(ASSIGNED TASK) Output only the lines below from the one holding "Photo 40 of" down to the one holding "2018 Volvo S90 T6 Momentum", both end lines included and every picture dropped.

(Captioned web image data)
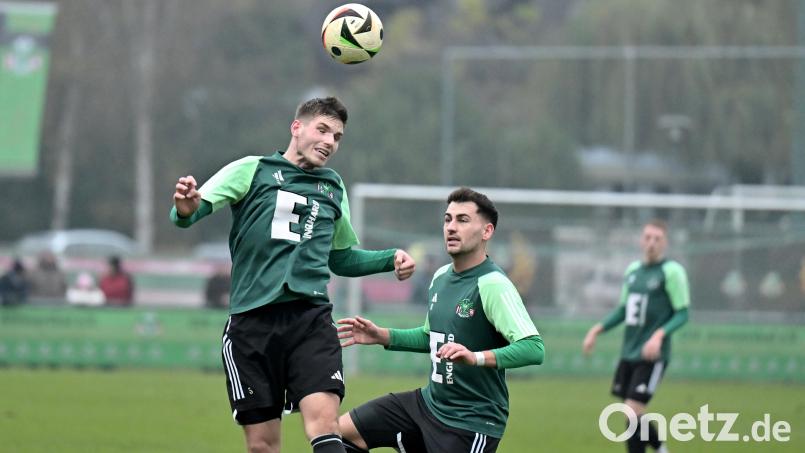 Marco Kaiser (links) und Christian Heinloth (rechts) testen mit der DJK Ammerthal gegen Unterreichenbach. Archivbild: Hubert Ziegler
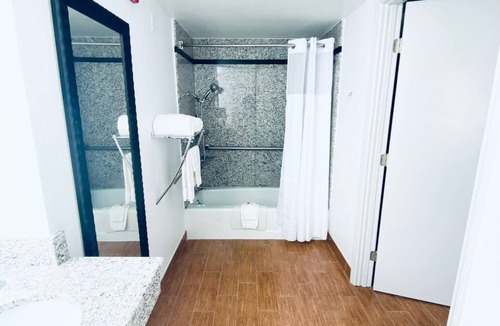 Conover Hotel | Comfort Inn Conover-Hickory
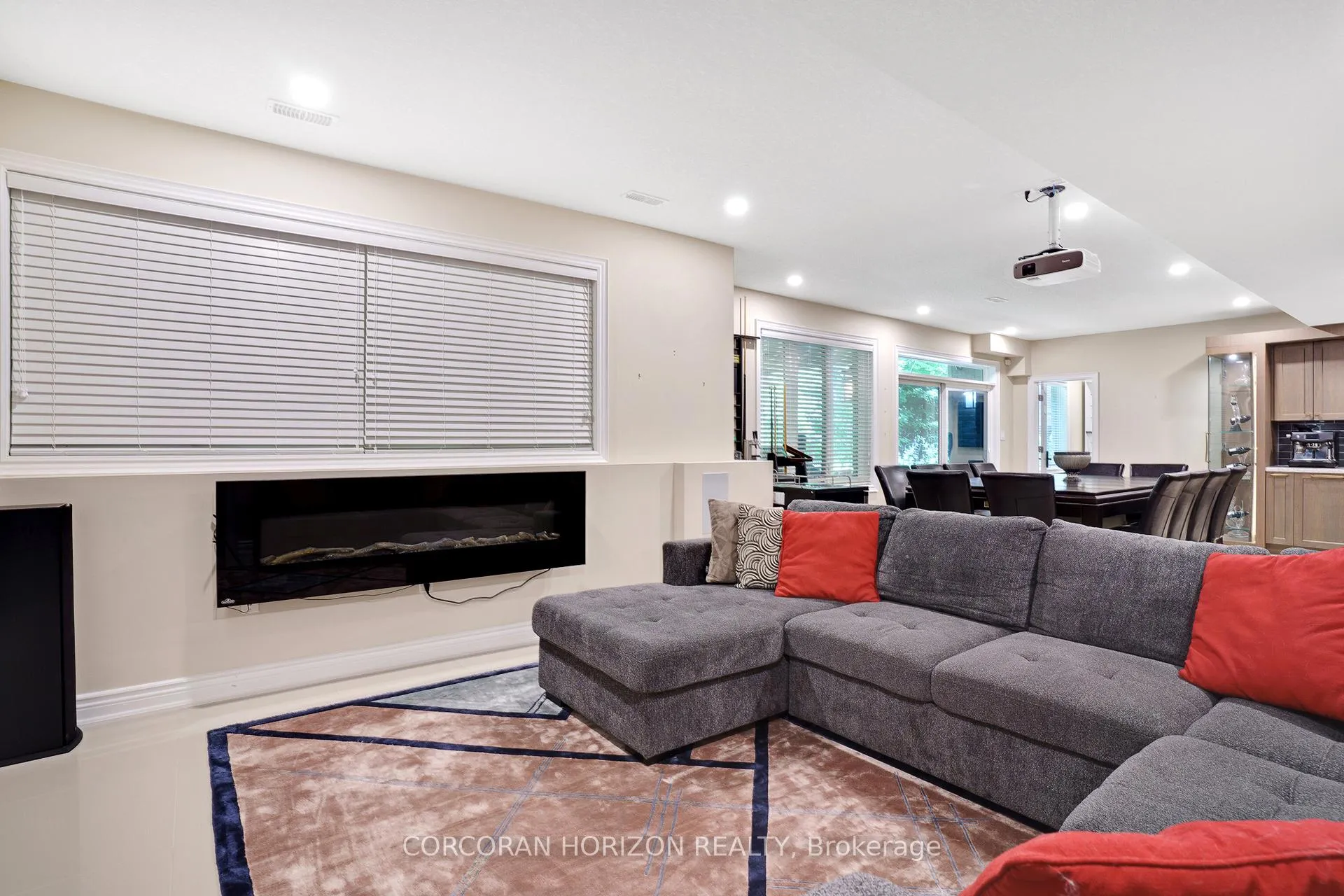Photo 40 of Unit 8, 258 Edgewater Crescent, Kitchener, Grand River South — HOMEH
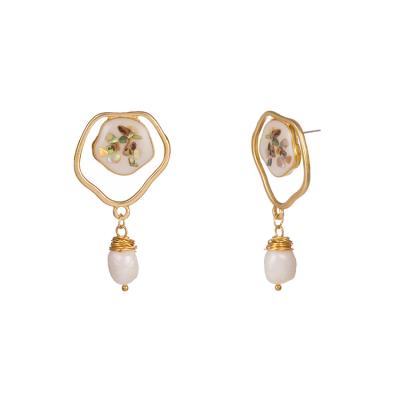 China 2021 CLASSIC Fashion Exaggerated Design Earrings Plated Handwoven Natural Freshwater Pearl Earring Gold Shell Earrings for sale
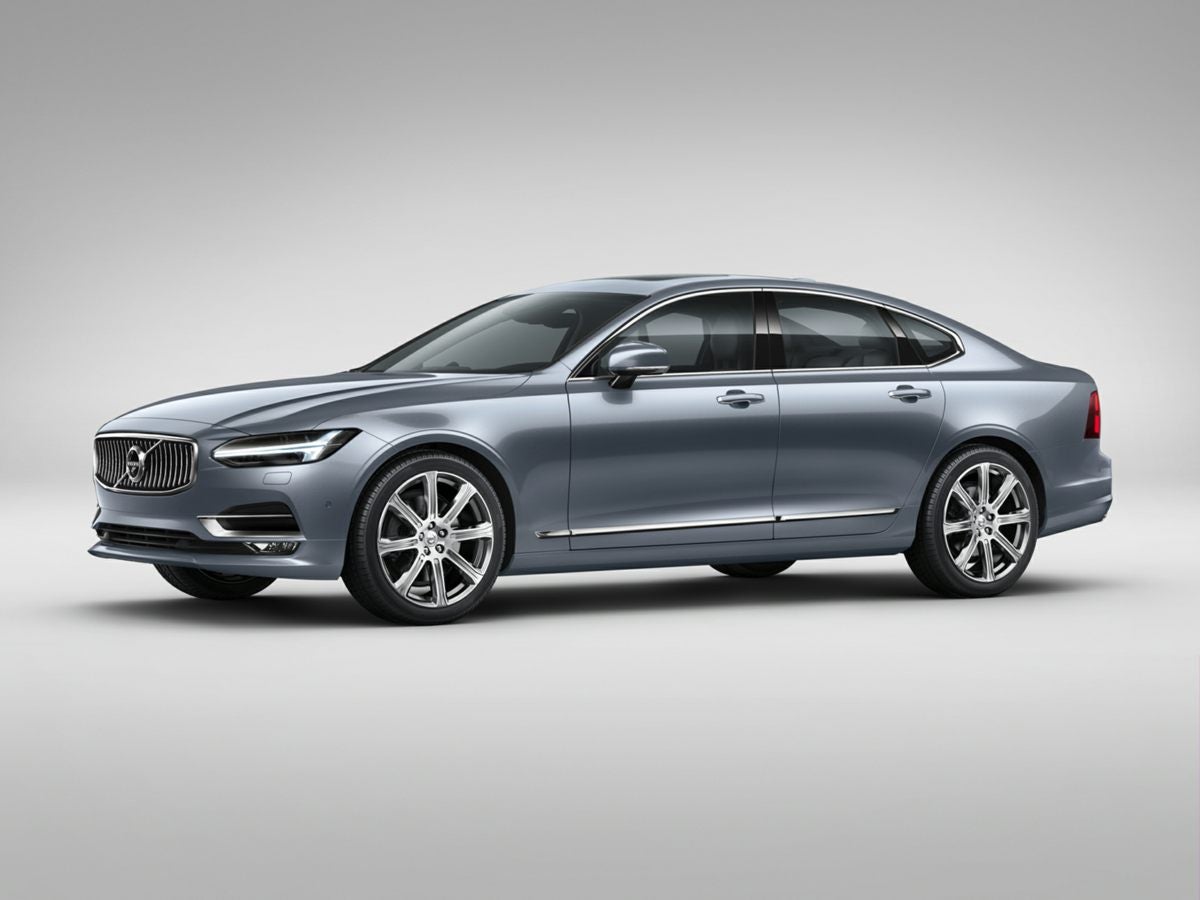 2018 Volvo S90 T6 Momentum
---
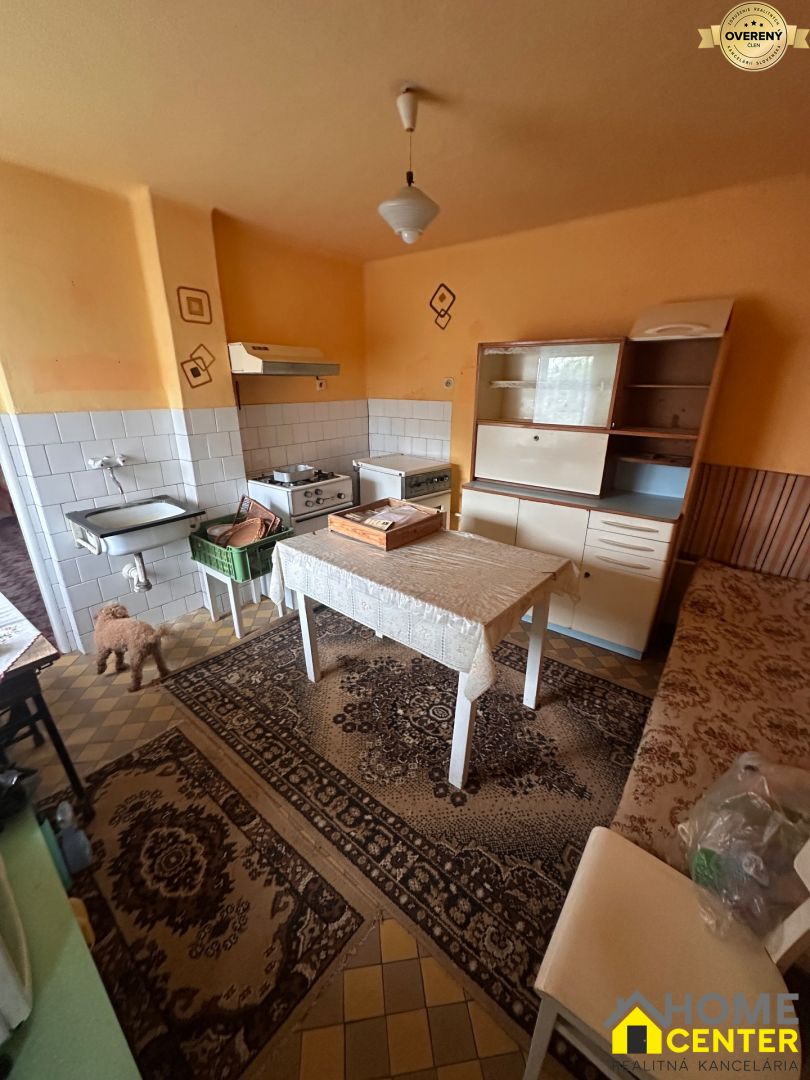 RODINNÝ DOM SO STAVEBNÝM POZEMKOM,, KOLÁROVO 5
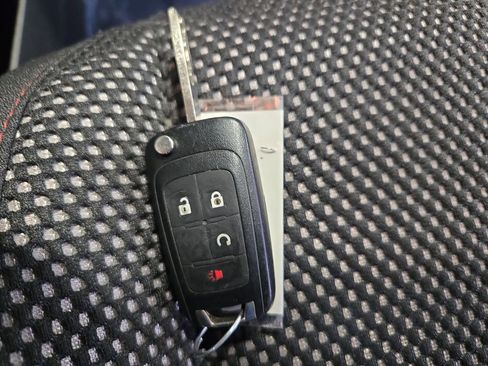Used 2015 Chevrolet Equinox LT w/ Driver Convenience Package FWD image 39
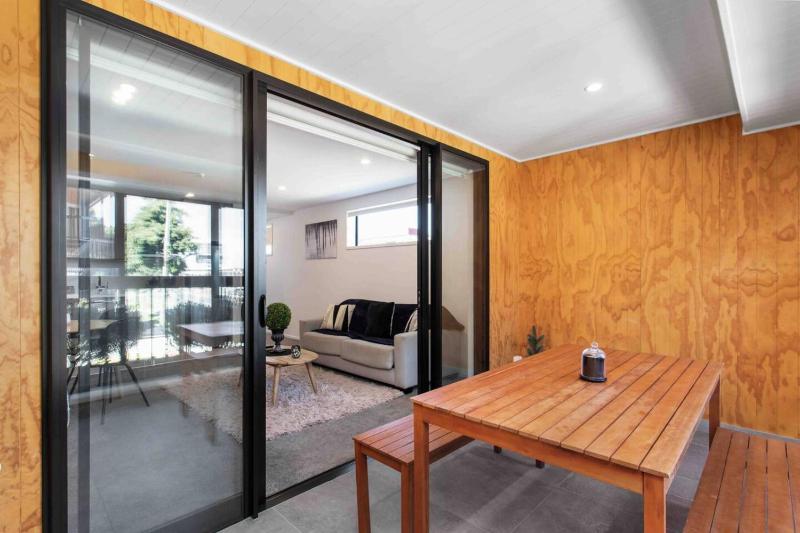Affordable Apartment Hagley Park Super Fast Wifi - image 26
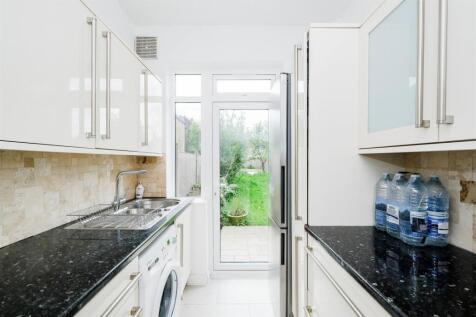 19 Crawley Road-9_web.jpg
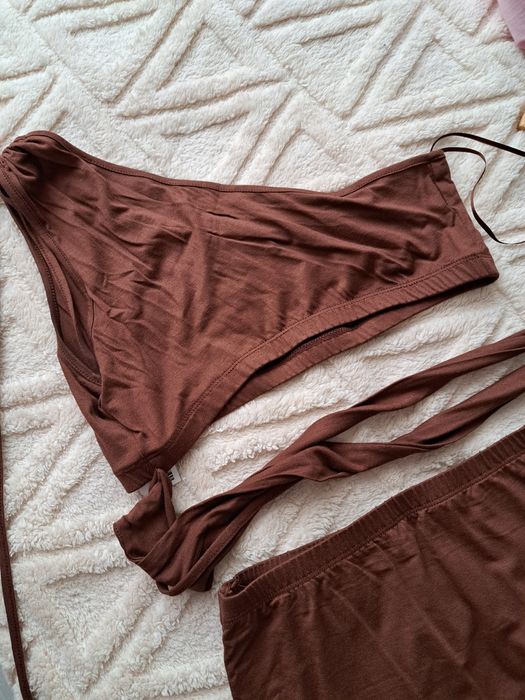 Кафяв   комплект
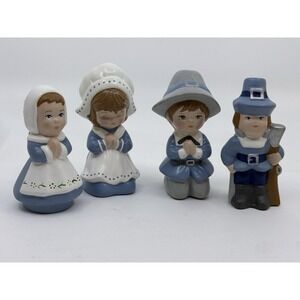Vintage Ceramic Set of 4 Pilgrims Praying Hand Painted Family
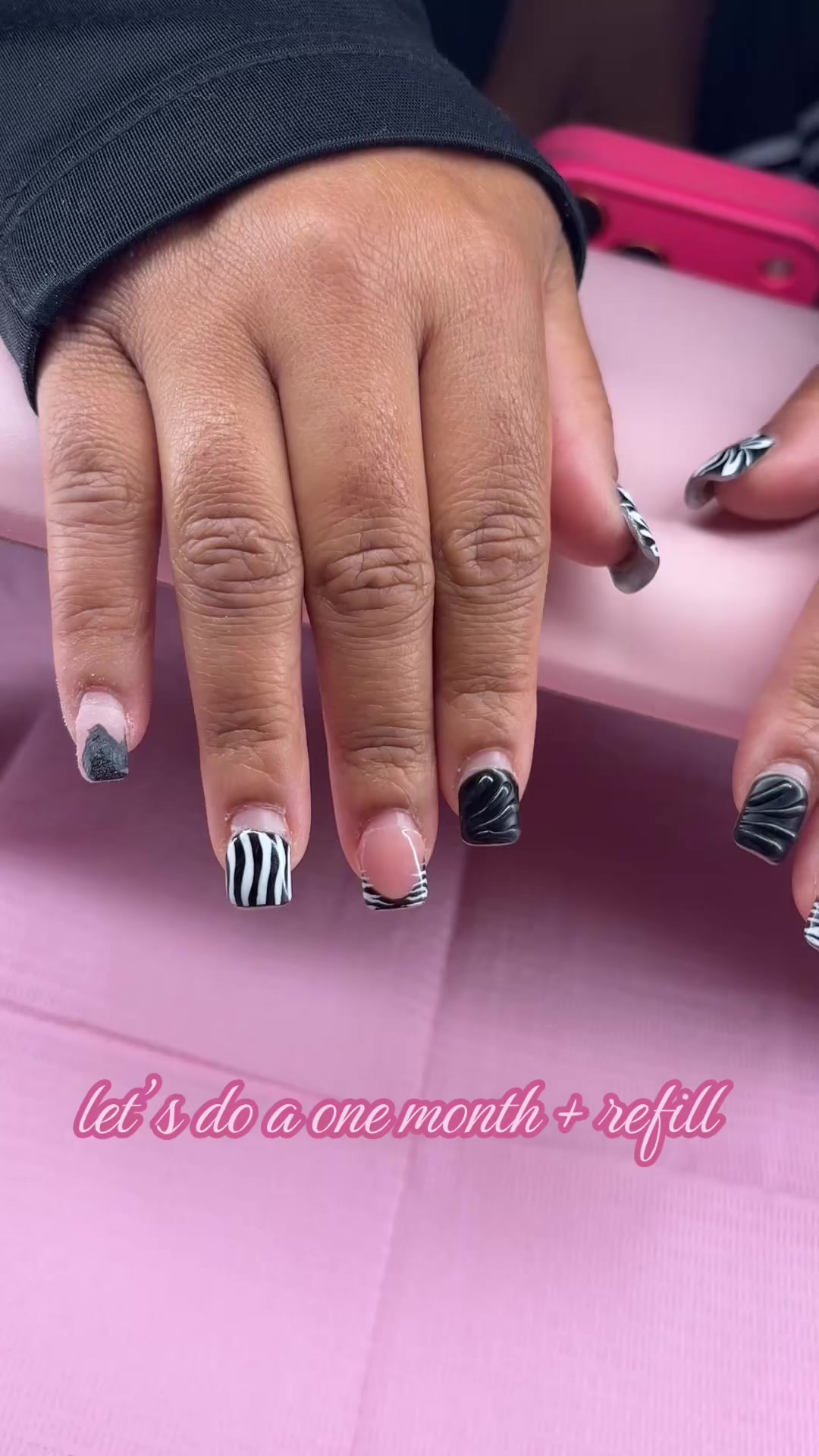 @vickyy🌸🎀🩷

(ANSWER TO THIS PROBLEM)
Photo 40 of Unit 8, 258 Edgewater Crescent, Kitchener, Grand River South — HOMEH
 China 2021 CLASSIC Fashion Exaggerated Design Earrings Plated Handwoven Natural Freshwater Pearl Earring Gold Shell Earrings for sale
 2018 Volvo S90 T6 Momentum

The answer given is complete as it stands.